Task instructions
Your answer should be the lines below from the one with "Fucking Awesome Stamp" to the one with "Anhänger-Set_-_Schmu", both included, given again exactly and with nothing added.

Task input

★ ★ ★ ★

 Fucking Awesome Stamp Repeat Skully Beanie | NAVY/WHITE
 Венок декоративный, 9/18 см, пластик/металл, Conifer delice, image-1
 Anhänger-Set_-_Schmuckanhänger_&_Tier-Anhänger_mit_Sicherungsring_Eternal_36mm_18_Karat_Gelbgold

★ ★ ★ ★

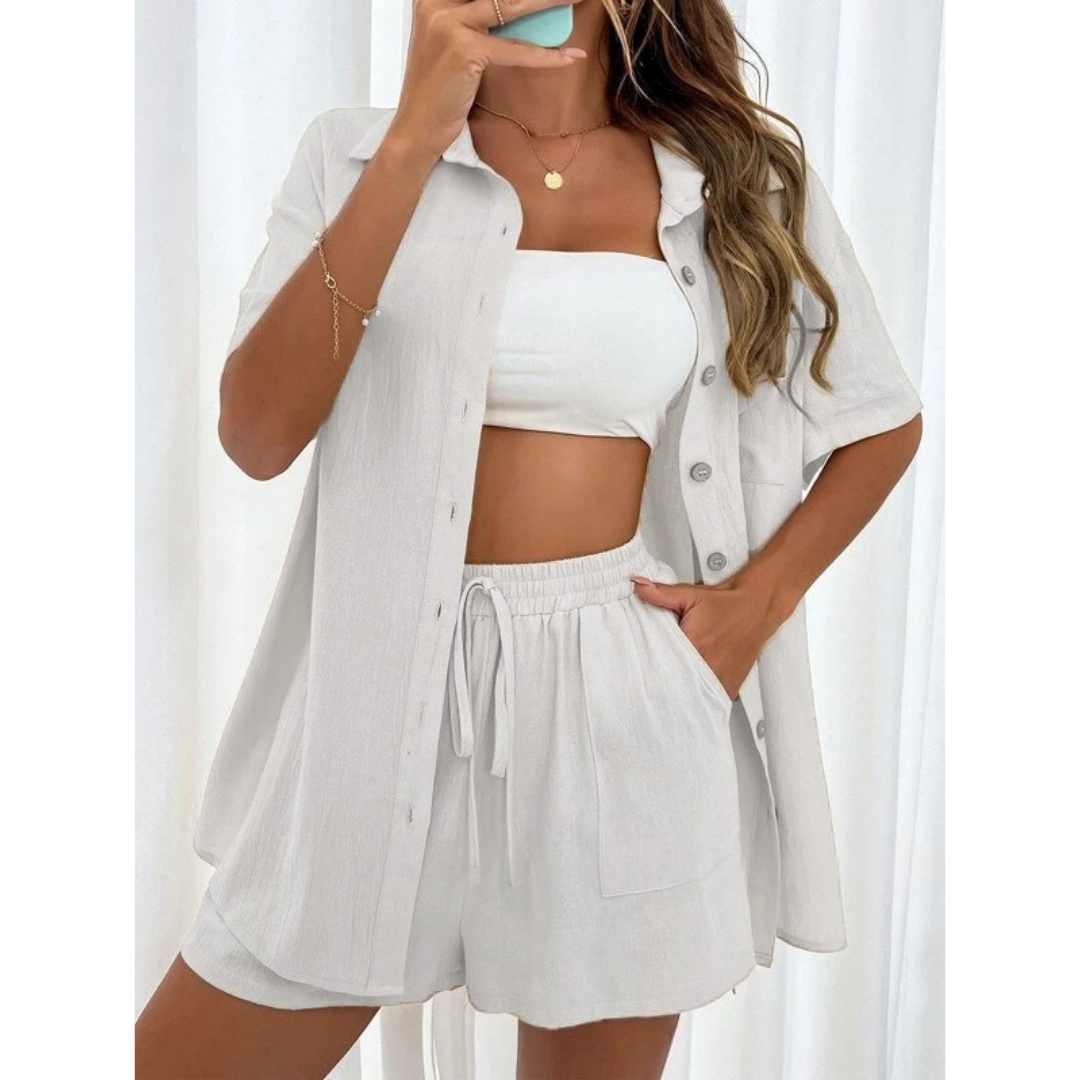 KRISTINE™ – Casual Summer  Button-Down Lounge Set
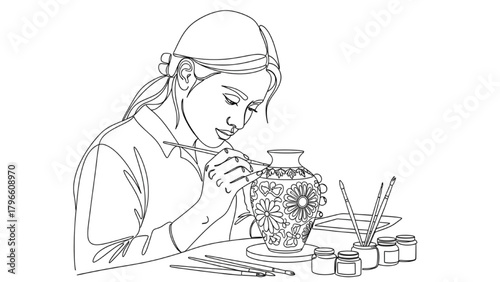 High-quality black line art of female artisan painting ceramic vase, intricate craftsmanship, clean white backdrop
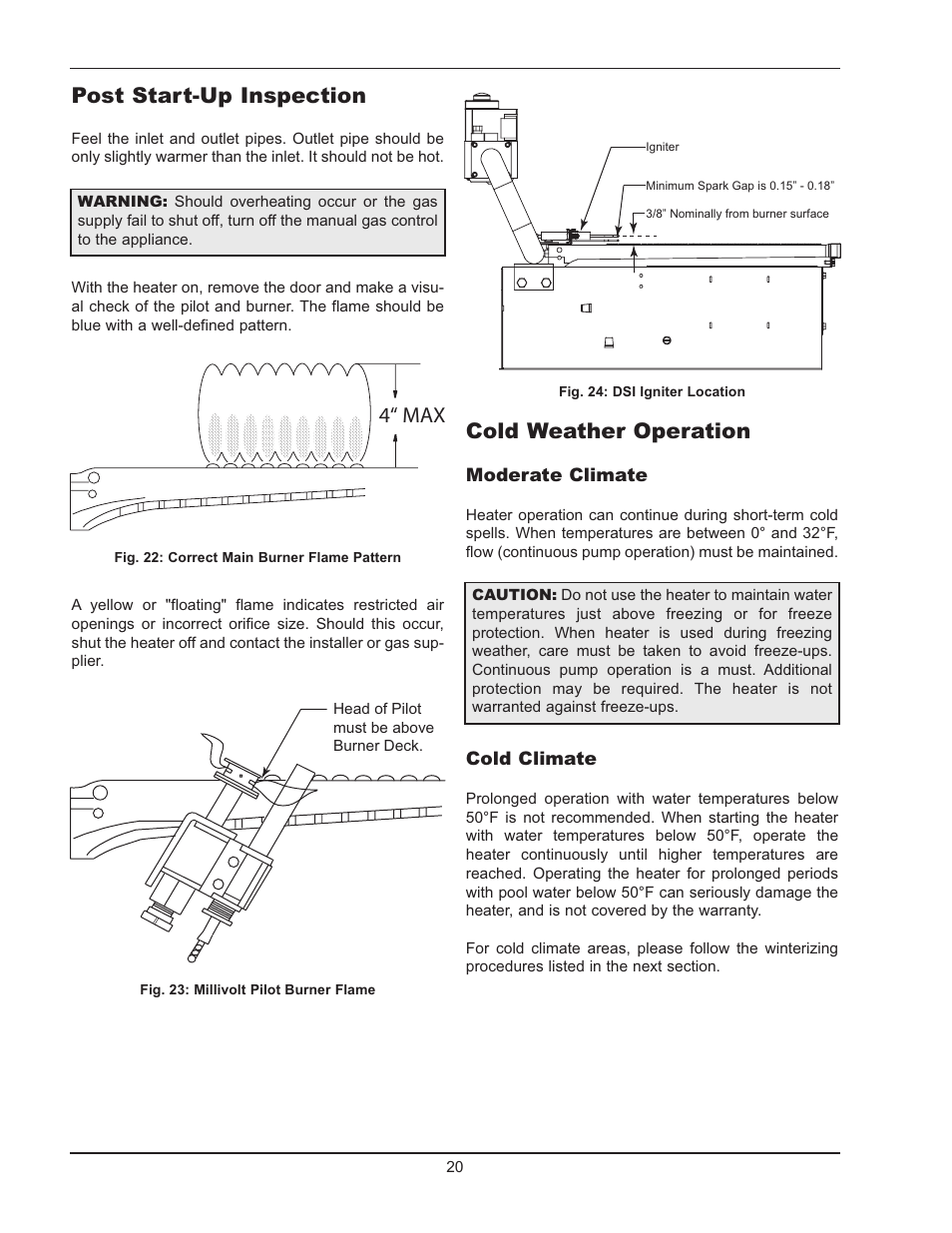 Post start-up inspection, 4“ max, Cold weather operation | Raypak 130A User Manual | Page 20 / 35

★ ★ ★ ★

Response box
 Fucking Awesome Stamp Repeat Skully Beanie | NAVY/WHITE
 Венок декоративный, 9/18 см, пластик/металл, Conifer delice, image-1
 Anhänger-Set_-_Schmuckanhänger_&_Tier-Anhänger_mit_Sicherungsring_Eternal_36mm_18_Karat_Gelbgold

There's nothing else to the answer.